PROBLEM DESCRIPTION:
Please reproduce the data exactly and omit the pictures.
★ ★ ★ ★
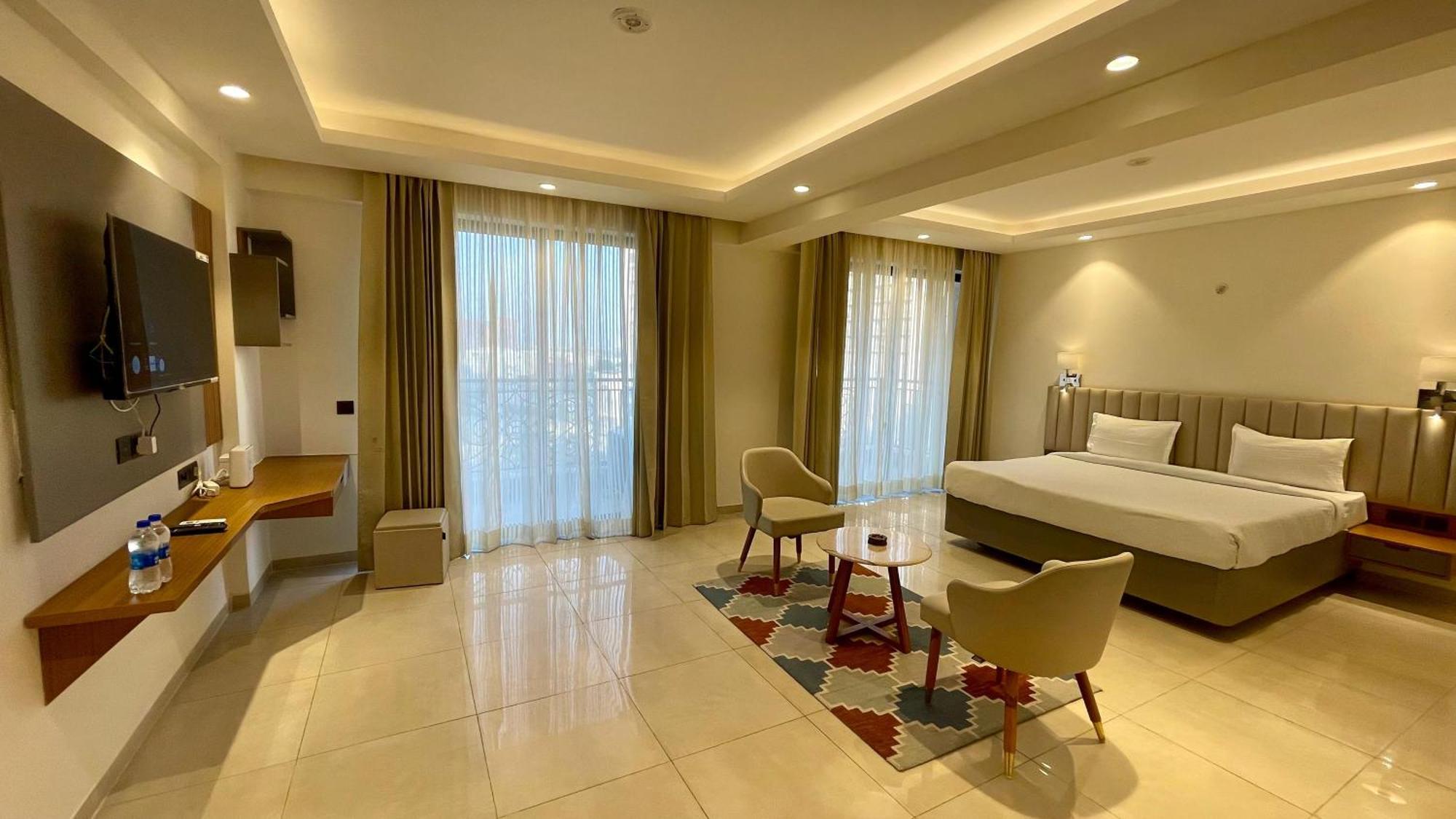 Hotel Maple Tree - Near Ekana Cricket Stadium - Lucknow Ngoại thất bức ảnh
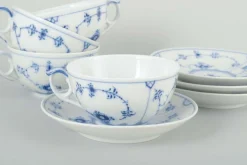 Teetassen mit passenden Untertassen von Royal Copenhagen, 8 . Set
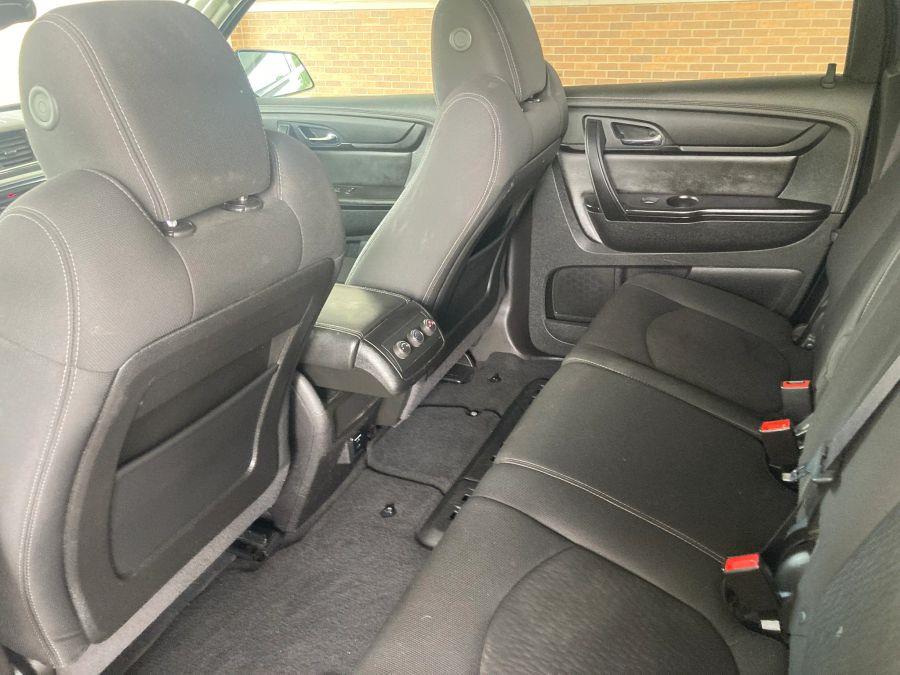 GMC Acadia photo 20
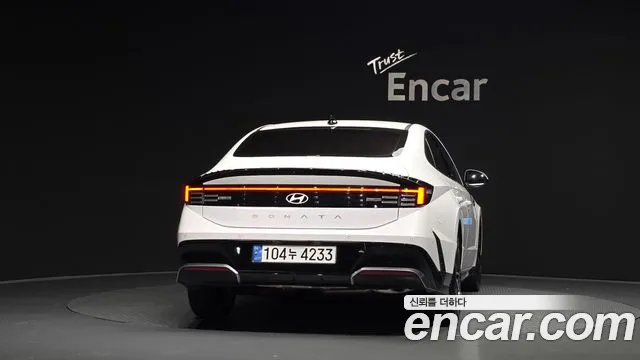 Hyundai Sonata 2025 thumb 4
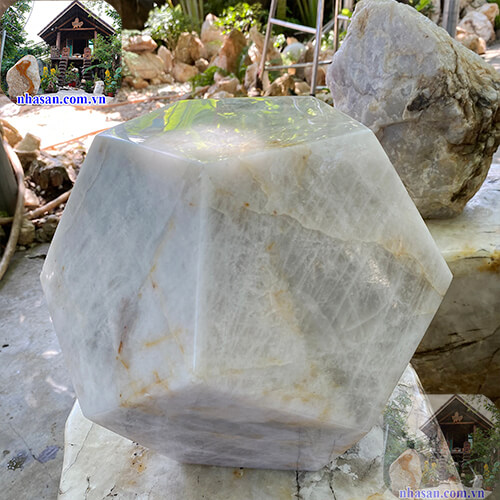 Đá thạch anh 12 mặt giúp cải hung hóa cát Đá thạch anh 12 mặt giúp cải hung hóa cát
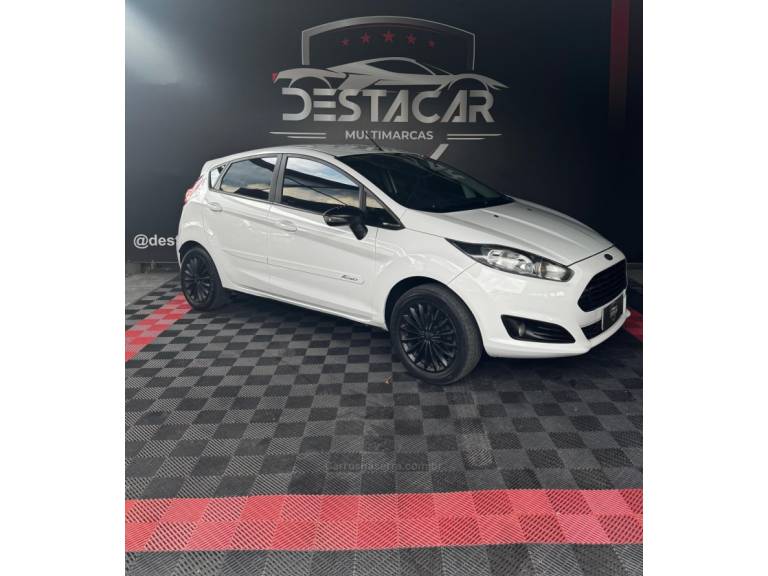 FORD - FIESTA - 2017/2017 - Branca - R$ 54.900,00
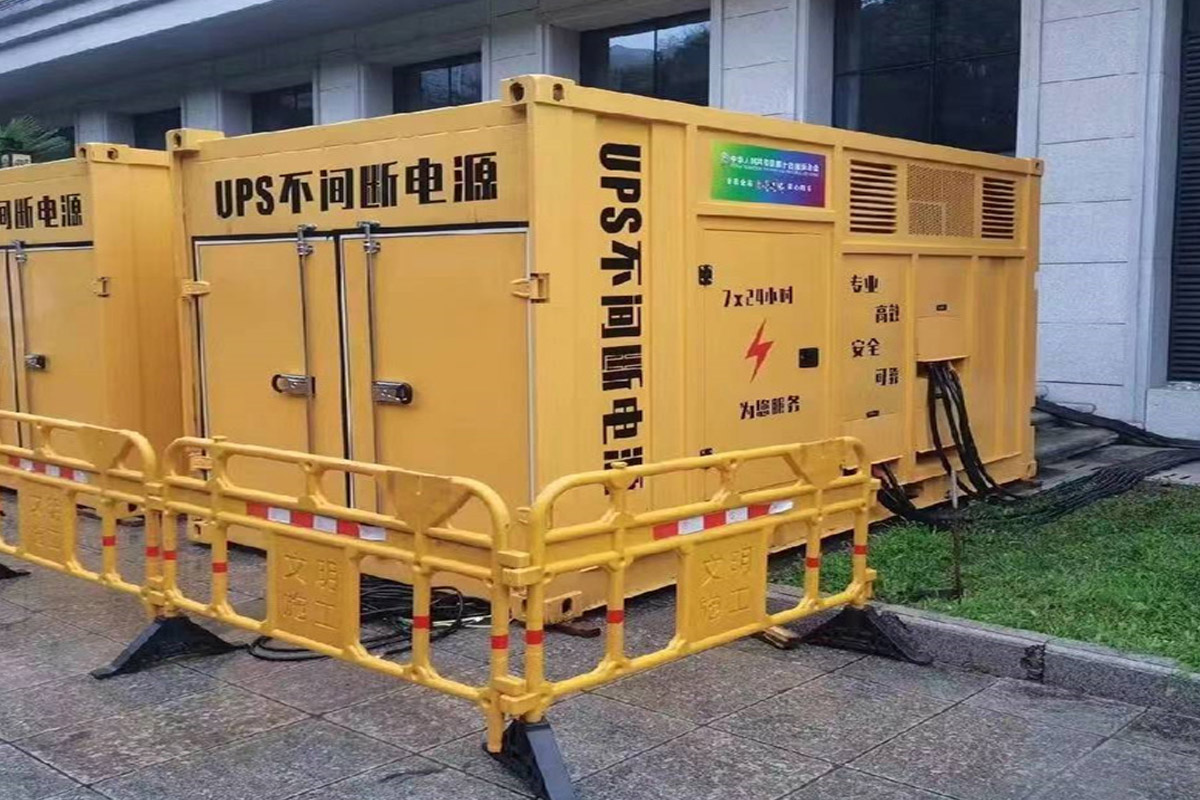 群英乡发电机租赁施工现场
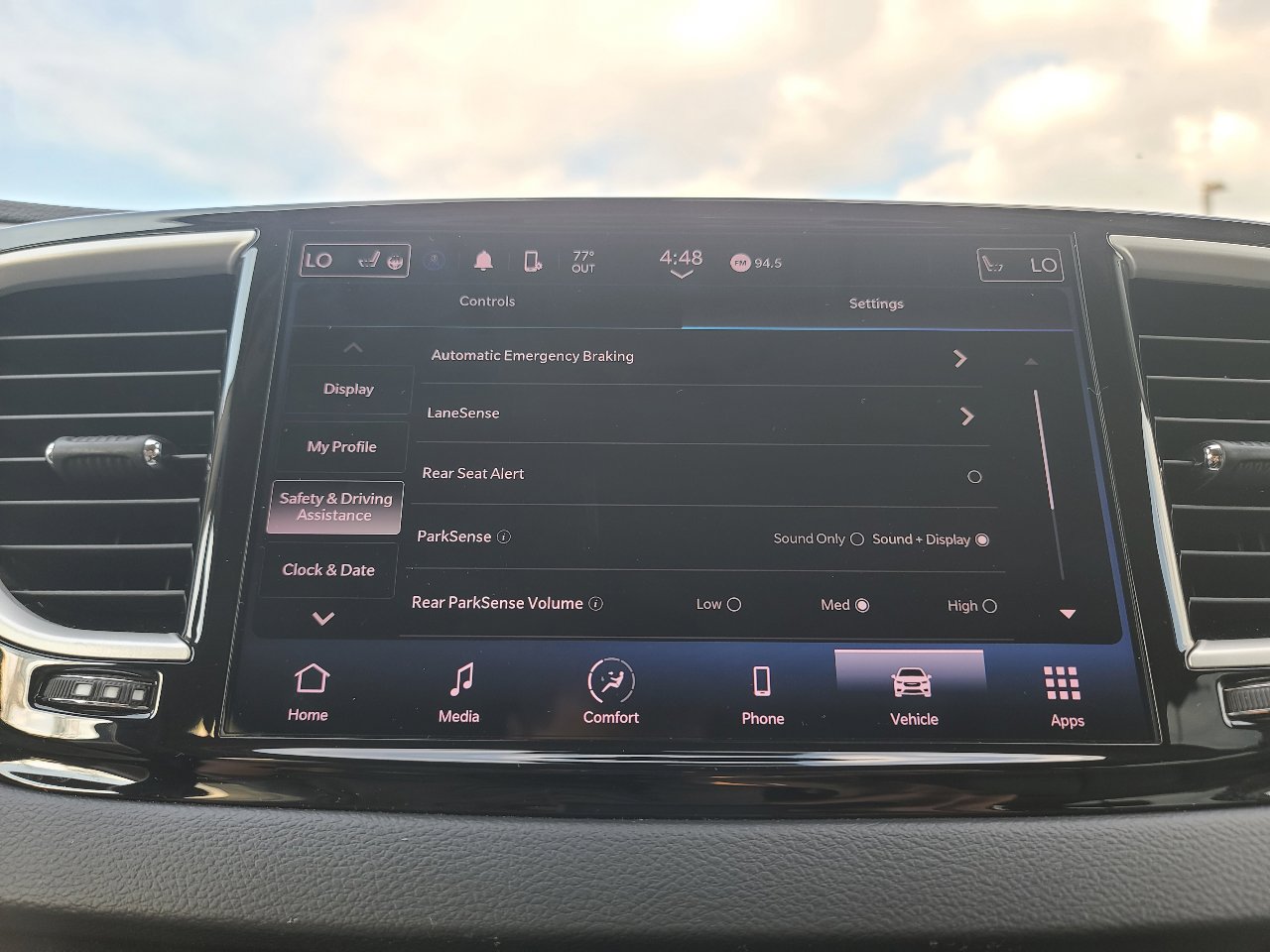 Used 2023 Chrysler Pacifica Touring-L image 24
★ ★ ★ ★
ANSWER:
 Hotel Maple Tree - Near Ekana Cricket Stadium - Lucknow Ngoại thất bức ảnh
 Teetassen mit passenden Untertassen von Royal Copenhagen, 8 . Set
 GMC Acadia photo 20
 Hyundai Sonata 2025 thumb 4
 Đá thạch anh 12 mặt giúp cải hung hóa cát Đá thạch anh 12 mặt giúp cải hung hóa cát
 FORD - FIESTA - 2017/2017 - Branca - R$ 54.900,00
 群英乡发电机租赁施工现场
 Used 2023 Chrysler Pacifica Touring-L image 24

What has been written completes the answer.